The Theatre Bizarre (W2 Media) is a horror anthology involving a young woman who arrives at an abandoned theater where an odd man tells her six bizarre tales with segments directed by Richard Stanley, Buddy Giovinazzo, Tom Savini, Douglas Buck, Karim Hussain, David Gregory and Jeremy Kasten.

Also on the horror tip, Robin Hardy, director of the horror classic The Wicker Man, returns with the thematic follow-up The Wicker Tree (Anchor Bay), which follows two young missionaries traveling in Scotland who arrive at the town of Tressock and are convinced by the local baron (Graham McTavish) and community to take part in their annual festival. Apparently, they haven’t seen The Wicker Man, ’cause even I know better than accepting offers to take part in small town festivals!

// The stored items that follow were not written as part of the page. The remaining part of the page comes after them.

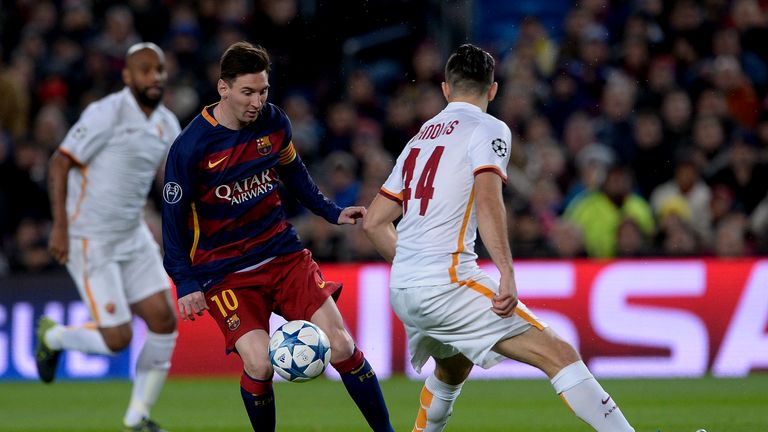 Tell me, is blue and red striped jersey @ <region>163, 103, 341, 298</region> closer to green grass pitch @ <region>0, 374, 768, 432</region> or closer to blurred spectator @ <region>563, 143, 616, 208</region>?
green grass pitch @ <region>0, 374, 768, 432</region>

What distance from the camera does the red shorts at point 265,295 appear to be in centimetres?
698

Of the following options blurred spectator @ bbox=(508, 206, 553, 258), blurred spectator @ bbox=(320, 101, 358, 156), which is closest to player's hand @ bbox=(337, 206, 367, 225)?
blurred spectator @ bbox=(508, 206, 553, 258)

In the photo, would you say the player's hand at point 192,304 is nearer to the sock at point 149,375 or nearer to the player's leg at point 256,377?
the player's leg at point 256,377

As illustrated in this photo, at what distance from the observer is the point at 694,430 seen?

This weekend last year, the supernatural thriller The Rite (Warner Bros.), starring Anthony Hopkins, came out on top with just under $15 million while the Jason Statham action-thriller The Mechanic (CBS Films) took third place with $11. 4 million. The Top 10 grossed just over $80 million and this weekend will be close depending on whether moviegoers decide to check out some of the new releases.

This Week’s UPDATED Predictions

UPDATE: The only major change this week is that we can’t ignore the huge success of Lionsgate’s latest Groupon deal for Katherine Heigl’s One for the Money, which is likely to push it way up the charts as the older women that may have any interest in the movie are also the same demographic that would take advantage of a Groupon deal to get what is essentially half-priced tickets.

1. The Grey (Open Road) – $15.5 million N/A (up .3 million)

2.One for the Money (Lionsgate) – $12.5 million N/A (up 3.8 million)

3. Underworld Awakening (Sony/Screen Gems) – $11 million -57%

4. Red Tails (20th Century Fox) – $10.5 million -45%

5. Man on a Ledge (Summit) – $10.3 million N/A (up .3 million)

6. Extremely Loud & Incredibly Close (Warner Bros.) $7.5 million -29%

7. Contraband (Universal) – $6.4 million -47%

8. The Descendants (Fox Searchlight) – $4.5 million

9. Haywire (Relativity Media) – $4.2 million -50%

10. Beauty and the Beast 3D (Walt Disney) – $3.9 million -56%

11. The Artist (The Weinstein Company) – $3.3 million +43%

Next week, the month of February kicks off with Super Bowl weekend and three very different movies. Daniel Radcliffe stars in the period thriller The Woman in Black (CBS Films), while Chronicle (20th Century Fox) is a dark take on superheroes using the successful found footage format and Big Miracle (Universal) has Drew Barrymore and John Krasinski saving whales.